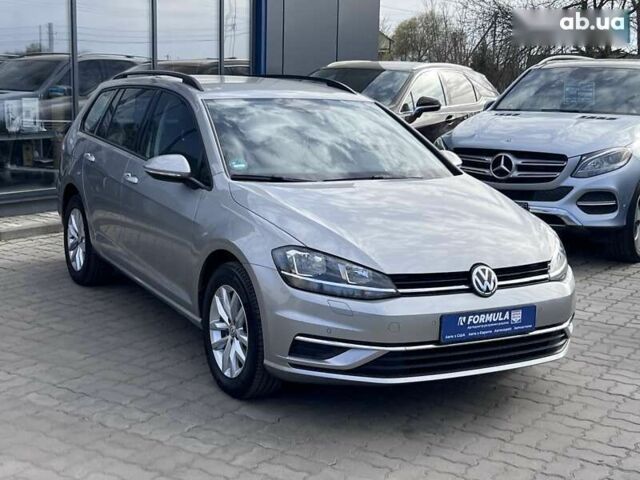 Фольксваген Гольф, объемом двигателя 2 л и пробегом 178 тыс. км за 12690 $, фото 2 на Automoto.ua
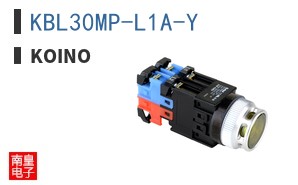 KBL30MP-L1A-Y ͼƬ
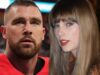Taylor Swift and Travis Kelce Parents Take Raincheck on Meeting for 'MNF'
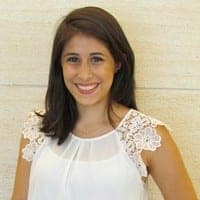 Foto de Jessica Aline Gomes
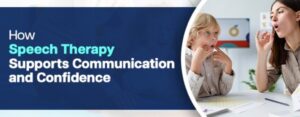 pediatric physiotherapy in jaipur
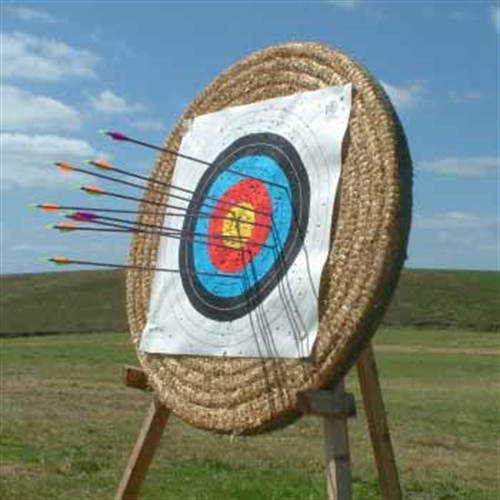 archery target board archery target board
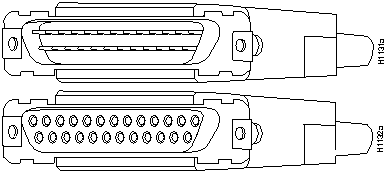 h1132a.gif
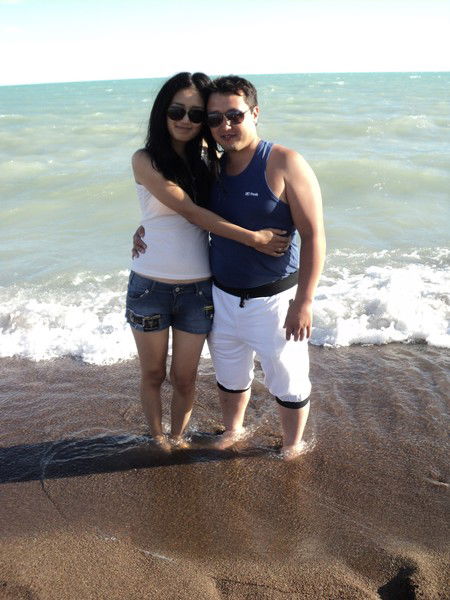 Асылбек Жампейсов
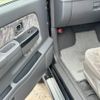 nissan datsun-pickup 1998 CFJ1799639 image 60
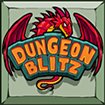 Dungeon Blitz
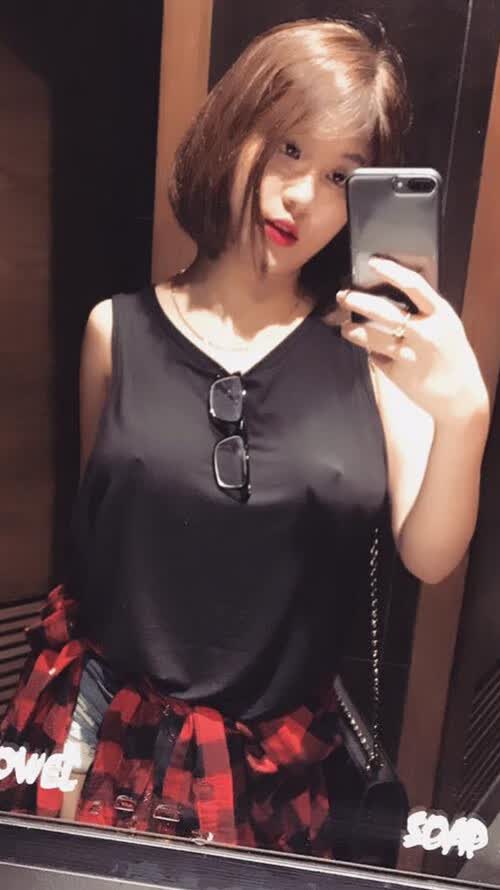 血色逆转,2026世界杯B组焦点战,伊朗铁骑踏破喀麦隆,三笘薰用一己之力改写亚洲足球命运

---

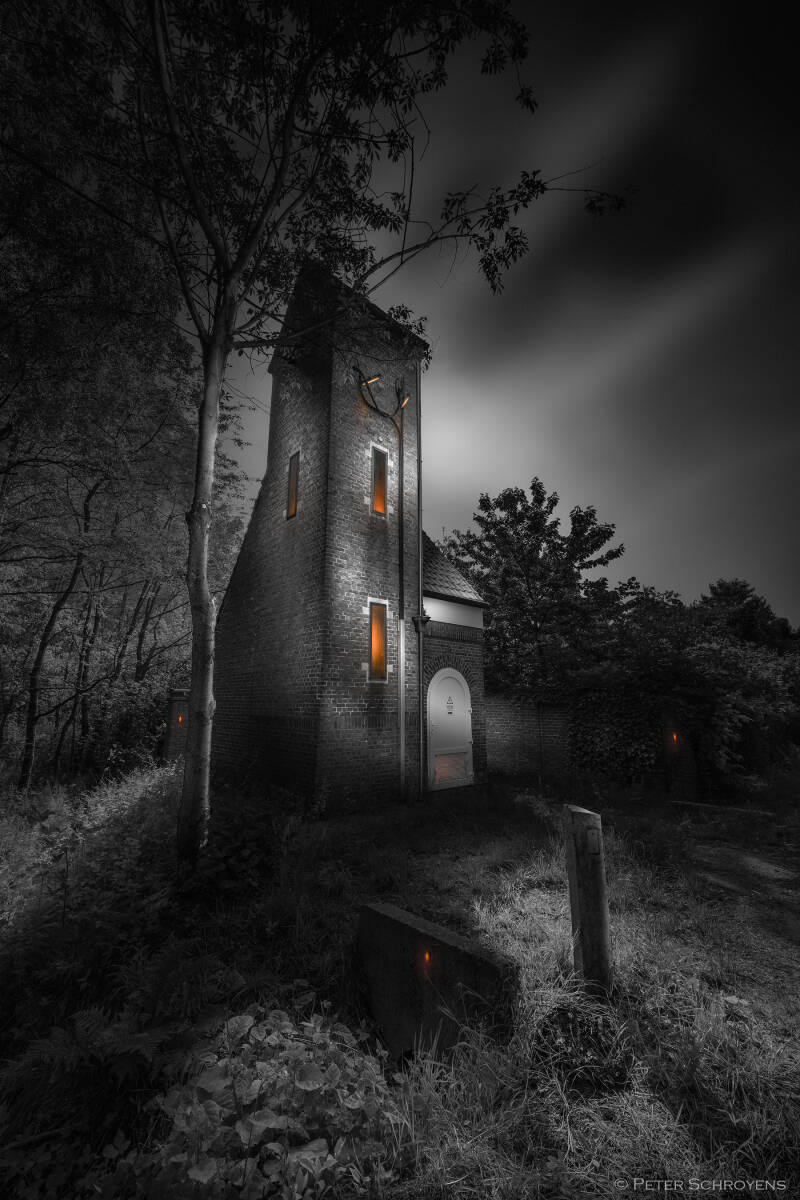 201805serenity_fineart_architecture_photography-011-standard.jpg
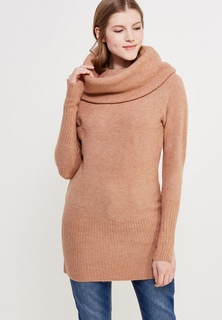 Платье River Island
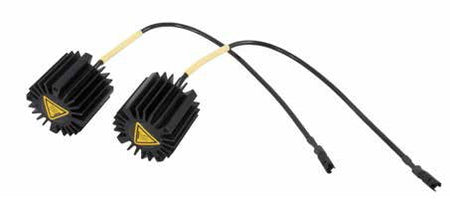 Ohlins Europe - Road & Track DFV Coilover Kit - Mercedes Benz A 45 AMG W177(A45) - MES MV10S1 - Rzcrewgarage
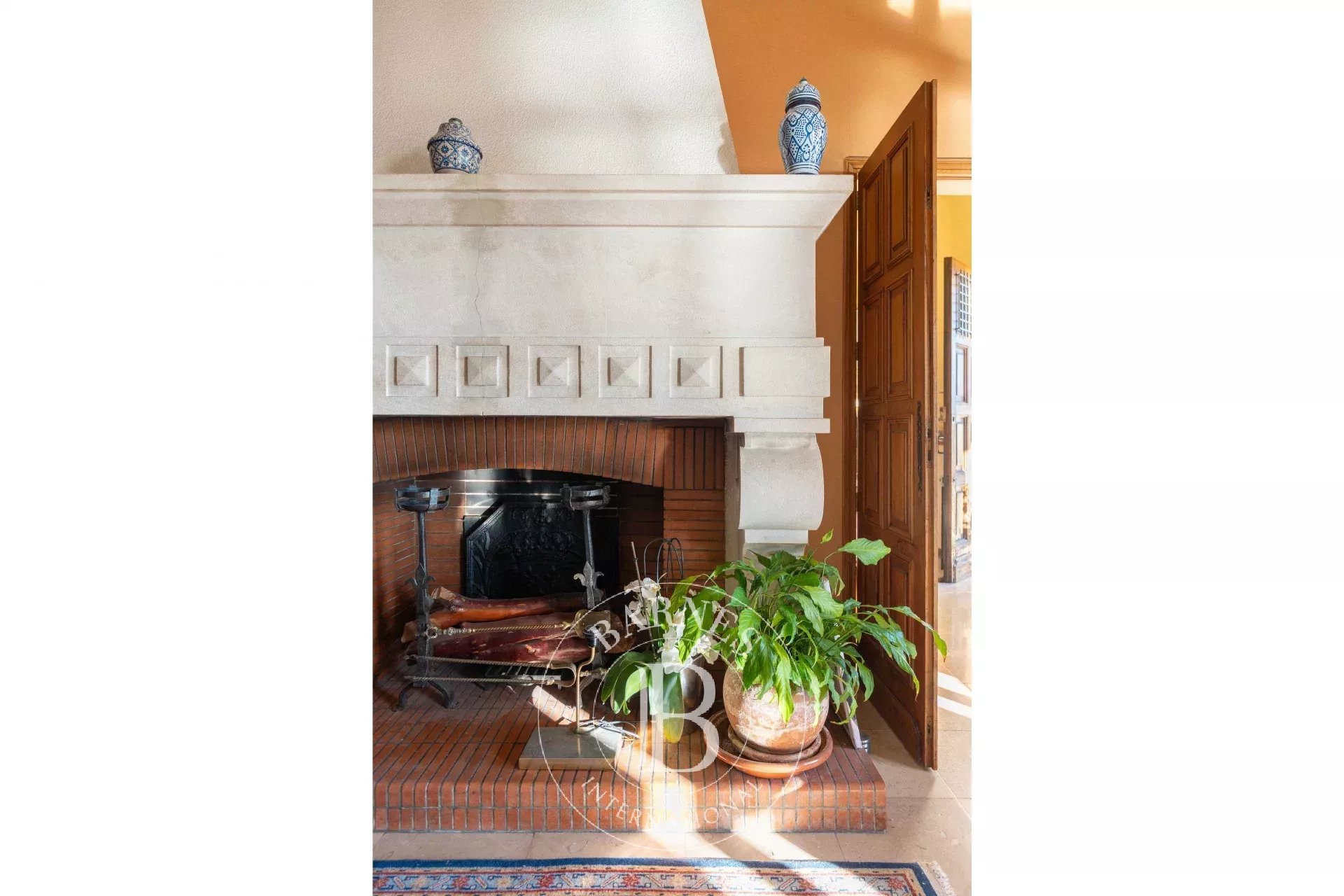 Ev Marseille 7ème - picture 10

= Activity =
Using the entries above, write out exactly the lines from the one with "201805serenity_fineart_architecture_photography-011-standard.jpg" through the one with "Ev Marseille 7ème - picture 10", ends included. Leave out any pictures.

= Task result =
 201805serenity_fineart_architecture_photography-011-standard.jpg
 Платье River Island
 Ohlins Europe - Road & Track DFV Coilover Kit - Mercedes Benz A 45 AMG W177(A45) - MES MV10S1 - Rzcrewgarage
 Ev Marseille 7ème - picture 10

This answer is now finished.